“İşte geldim gidiyorum / Şen kalasın Halep şehri / Çok nan ü nimetin yedim / Helal eyle Halep şehri.
Sana derler Arabistan / Güzellerin çeşm-i mestan / Yeni haber geldi dosttan / Durmak olmaz Halep şehri.
Çok garipler sana gelir / Gelir de eğlenir kalır / Her kişi muradın alır / Şen kalasın Halep şehri.
Âşık Garip düştü yola / Hızır yardımcısı ola / Gözüme göründü sıla / Şen olasın Halep şehri”
Âşık Garip
Bir şehre ne güzel vedadır Âşık Garip ’in vedası. Dua ile geride bırakılan şehir, minnetle yâd edilen, murat alınan şehir.
Halep şehri şen mi şimdi?
Görünmezi görünür kılan, uzağı yakın eden, taşıyan, bildiren, bulaştıran bir çağda yaşıyoruz. Etrafına duvarlar örüp kem gözlerden sakınacağımız ne varsa ortada. Mukaddesat sahipsiz, mahremiyet meydanda.
Önce şehirlere sızdılar, sonra evlere, nihayet canlara. Bizde çağlayan nehirler, onların kumuyla bulanıyor. Fersah fersah ötelerden zehirli bulutları akıyor semamıza. Arzı asitleri kavuruyor; hileleri, desiseleri yıkıyor muhabbeti. Şüphe narası salıyorlar geçtikleri yerlere. Bir karanlık leke saçıyorlar orkidenin, karanfilin, zambağın üzerine. Yeryüzünün renklerini kendi arzularınca silmek, değiştirmek istiyorlar. Bu coğrafyayı özünden, ait olduğu daldan budamak istiyorlar.
Halep’e diyorum ve Kerkük’e, Bağdat’a olanlar nedir?
Nerede Fuzûlî’nin “Burc-ı evliyâsı?” Medrese-i Nizamiye’nin toprakları ne hâlde şimdi? Farabi’nin, İbni Sîna, Birûnî, Gazalî, Câhiz ve Taberî’nin yetiştiği şehir… Hatta evliyaullaha yurt ve mezar olan; Abdülkadir Geylânî’yi, Seyyid Ahmet Rufai’yi dahi yetiştiren şehir… Her yıkılışının ardından yeniden doğan, “Harapken Bağdat olan” şehir… Yeniden kalkar mı ayağa? Yeniden taçlara ipeklerle dikilen, yeşil üzerine beyaz ibrişimli güllerini işler mi? Nerde şairlerin, Dicle ve Fırat’ın gidişini, Saba rüzgârının esmesini, onun şerefli duruşuna bağladığı; yanında inci ve cevheri, taş ve toprak saydığı özge şehir?

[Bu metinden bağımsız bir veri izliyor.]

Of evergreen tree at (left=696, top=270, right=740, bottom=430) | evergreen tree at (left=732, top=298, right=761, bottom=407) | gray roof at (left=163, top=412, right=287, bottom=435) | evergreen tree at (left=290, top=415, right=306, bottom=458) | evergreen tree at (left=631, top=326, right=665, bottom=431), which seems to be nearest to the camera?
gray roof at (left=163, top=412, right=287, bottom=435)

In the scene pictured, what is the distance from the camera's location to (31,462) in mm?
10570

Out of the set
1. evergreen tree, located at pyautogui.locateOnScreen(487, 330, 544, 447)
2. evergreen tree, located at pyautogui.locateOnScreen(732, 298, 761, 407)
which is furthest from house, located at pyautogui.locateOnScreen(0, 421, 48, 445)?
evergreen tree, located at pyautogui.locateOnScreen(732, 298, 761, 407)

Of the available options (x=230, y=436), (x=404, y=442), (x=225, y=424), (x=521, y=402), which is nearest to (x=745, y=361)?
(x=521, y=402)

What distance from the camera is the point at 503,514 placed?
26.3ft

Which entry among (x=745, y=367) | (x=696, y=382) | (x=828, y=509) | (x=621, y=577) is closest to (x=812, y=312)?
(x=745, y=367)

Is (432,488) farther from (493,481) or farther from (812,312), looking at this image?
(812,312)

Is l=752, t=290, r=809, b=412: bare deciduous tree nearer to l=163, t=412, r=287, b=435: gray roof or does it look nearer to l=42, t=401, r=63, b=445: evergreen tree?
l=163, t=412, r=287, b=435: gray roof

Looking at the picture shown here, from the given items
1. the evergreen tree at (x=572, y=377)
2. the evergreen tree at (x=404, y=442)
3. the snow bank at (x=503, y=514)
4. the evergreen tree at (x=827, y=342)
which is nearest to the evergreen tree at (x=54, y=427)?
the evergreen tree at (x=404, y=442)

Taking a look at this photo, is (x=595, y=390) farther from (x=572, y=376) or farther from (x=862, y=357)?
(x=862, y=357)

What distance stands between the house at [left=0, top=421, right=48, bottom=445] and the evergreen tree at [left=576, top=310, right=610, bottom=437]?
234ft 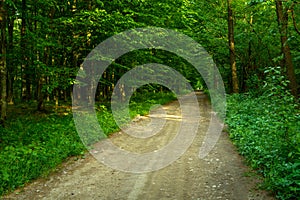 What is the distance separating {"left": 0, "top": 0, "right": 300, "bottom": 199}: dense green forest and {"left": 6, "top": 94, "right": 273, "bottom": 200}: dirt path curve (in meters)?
0.43

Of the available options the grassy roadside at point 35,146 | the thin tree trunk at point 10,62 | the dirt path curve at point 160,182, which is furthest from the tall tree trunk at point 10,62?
the dirt path curve at point 160,182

Kerkük… Hz. Ömer zamanında İslam’la tanışan, Büyük Selçuklu ’da altmış üç yıl kalan, Yavuz Sultan Selim’in Osmanlı’ya hediyesi… Kayıtlarda “Gökyurt” olarak geçen halis Türk şehri. Kanûni’nin ziyaretinde Fuzuli’nin “ Bağdat Kasidesini” sunmasından bu yana kaç zaman geçti? Bugün, hüznün ve sitemin dili “Mum kimin yanan Kerkük” bize ne söyler?

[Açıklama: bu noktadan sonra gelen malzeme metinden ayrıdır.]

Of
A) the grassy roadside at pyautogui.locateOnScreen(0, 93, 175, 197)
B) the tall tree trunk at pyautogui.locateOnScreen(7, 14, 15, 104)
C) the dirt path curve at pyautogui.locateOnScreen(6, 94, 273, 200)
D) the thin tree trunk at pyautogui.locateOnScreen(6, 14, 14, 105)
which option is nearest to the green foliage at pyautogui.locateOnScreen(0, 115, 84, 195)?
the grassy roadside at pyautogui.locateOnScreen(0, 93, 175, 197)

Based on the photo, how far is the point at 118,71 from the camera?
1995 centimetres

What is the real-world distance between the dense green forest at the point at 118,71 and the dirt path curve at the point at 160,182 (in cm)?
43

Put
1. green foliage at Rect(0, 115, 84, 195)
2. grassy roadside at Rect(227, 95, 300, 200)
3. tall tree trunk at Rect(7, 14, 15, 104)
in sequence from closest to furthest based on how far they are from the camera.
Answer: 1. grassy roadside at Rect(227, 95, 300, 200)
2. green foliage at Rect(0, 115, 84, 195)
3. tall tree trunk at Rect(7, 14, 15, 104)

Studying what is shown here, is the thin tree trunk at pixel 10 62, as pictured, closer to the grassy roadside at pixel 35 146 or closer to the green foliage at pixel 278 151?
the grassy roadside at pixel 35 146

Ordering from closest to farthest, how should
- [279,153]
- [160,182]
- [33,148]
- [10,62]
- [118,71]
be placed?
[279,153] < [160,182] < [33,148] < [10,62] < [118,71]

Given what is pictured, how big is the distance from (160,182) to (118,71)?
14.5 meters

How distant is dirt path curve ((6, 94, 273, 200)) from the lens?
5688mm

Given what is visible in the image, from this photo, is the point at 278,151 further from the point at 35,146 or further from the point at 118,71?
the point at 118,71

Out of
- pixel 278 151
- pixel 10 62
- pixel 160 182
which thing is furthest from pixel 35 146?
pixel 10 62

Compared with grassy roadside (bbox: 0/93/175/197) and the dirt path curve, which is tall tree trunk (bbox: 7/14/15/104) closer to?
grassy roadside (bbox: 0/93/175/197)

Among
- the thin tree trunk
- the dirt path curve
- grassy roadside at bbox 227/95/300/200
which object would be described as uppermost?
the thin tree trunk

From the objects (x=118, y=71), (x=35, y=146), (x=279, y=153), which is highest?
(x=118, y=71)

Kaç kez viran olan, nice zalimin zulmüne şahit kalan yurtlar, yeniden cana gelir mi? Ölen toprak değil ki mazi ölüyor, istikbal ölüyor. Koca bir coğrafyanın umudu, birliği ölüyor. Candan can budanıyor. Toprağa karışan simaların rengi ahmer; adı Ayşe, Fatma, Ali, Hasan. Muhammedî yurtlar târ-ü mar. Hangi şüpheyle sızdılar şehre? Hangi bühtanla böldüler kardeşliği? Biz o ejderhanın adını biliyoruz artık. Onun bulaştırdığı zehri biliyoruz. Yanıp yakılmakta üstümüze yok. Can vermekte de… Yüce Mevla’ya yakarmakta da… Ağıtlar yazıp feryat etmekte de… Peki, asıl yapılması gerekene ne zaman sıra gelecek? Çağın silahıyla silahlanmaya, kudret sahibi olmaya?

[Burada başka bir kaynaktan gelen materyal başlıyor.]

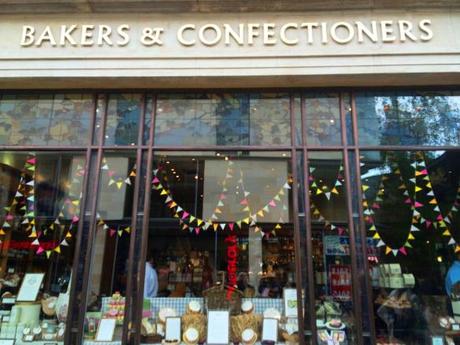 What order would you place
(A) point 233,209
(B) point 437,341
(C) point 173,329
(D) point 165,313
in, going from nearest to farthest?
(B) point 437,341, (C) point 173,329, (D) point 165,313, (A) point 233,209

Şehirler; tarihiyle, kültürüyle, en nadide cevheri, öz benliğiyle yok oluyor. Şehirler, sahiplerinden boşalıyor. O toprağın, o yurdun, o ocağın mukimlerinden koparılıyor. İnsanın insana yaptığı zulme şahit kılınıyor yine arşı âlâ. İblis, küçücük yavrulara dahi acımıyor. Nice Talut, bir küçük Davut’un sapanından fırlayan çakılla yere düşmüş olsa da ceplerimizdeki çakılları ebabilin siccîniyle donatmaya sıra gelmedi mi? Nitekim çoğu zaman çağlayanların serin nefesi ateşi söndürür, sudan sıçrayan esinti bile közü kül eyler. Suyun varlığı hararetin dinmesine sebep.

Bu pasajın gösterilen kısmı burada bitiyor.